How Deep is Deep?

 

 

The other day, a nineteen-year old student asked me “how deep do you want us to be?” This while he was writing an essay analyzing a story. I was stymied. “What do you mean by deep?”  I said. He couldn’t or wouldn’t say, not believing that I didn’t understand. But really I didn’t. What is deep anything when you’re not talking volume and physical capacity?

I wanted the students to give me accurate observations in well-formed sentences that added up to interesting paragraphs. When we read a short story, we might note that a character in unhappy. That’s information stated on the page; it’s not deep.

But this isn’t the first time I’ve come across this question.

Saying that in Kafka’s “Metamorphosis” we never learn the reason why Gregor Samsa is transformed into a bug is also not being deep. It’s simply repeating what is evident. Painting an abstract artwork in primary colors is not deep; it may be successful or it may be kitsch. Deep it ain’t. Painting or photographing a portrait in which the person is not smiling is not deep either.

So, between you and me, what is deep?

Is “deep” seeing that a work of art, visual or literary, is layered? The layers can be formalist, historical, symbolic, psychological, sociological, and so forth. Discussing the various layers doesn’t seem deep. Sometimes it’s tedious. Sometimes it’s fascinating,

Or maybe a painting, a film, or a poem can move you intensely. Okay, is that what we mean when we say deep?

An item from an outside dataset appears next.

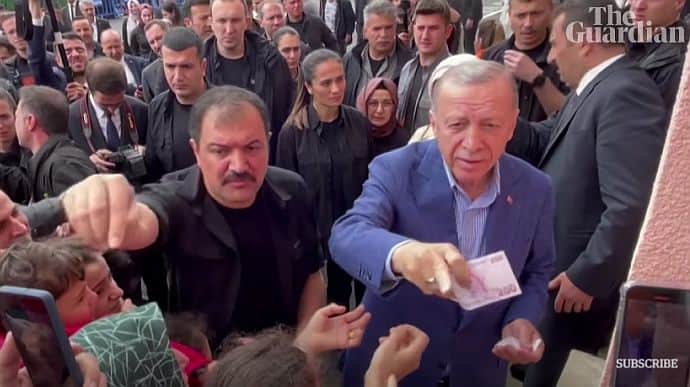 Ердоган роздавав гроші на виборчій дільниці, де він голосував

But that’s a reaction, and we don’t control those.

Maybe the work of art discusses ideas overtly so that we’re required to know something about them. Like Sartre’s novel Nausea and the philosophy of existentialism.

Probably ‘deep’ signifies a way of looking at something when you don’t really get it at all and you are reluctant to put in the effort to learn.

A few years ago there was a wave of books with “deep” in the title. One, called Deep Play, particularly irked me. I never read it. But, come on: deep play? Whatever happened to just—play? There were concepts like “deep relationship,”  “deep dialogue,” and “deep beauty” in vogue.  Oh that was the eighties, one can say. What seemed to have happened is that the usual meaning of play, relationship, dialogue, beauty had disappeared. We no longer understood or even saw these words. So there was an attempt to re-contextualize them. Like re-gifting at Christmas.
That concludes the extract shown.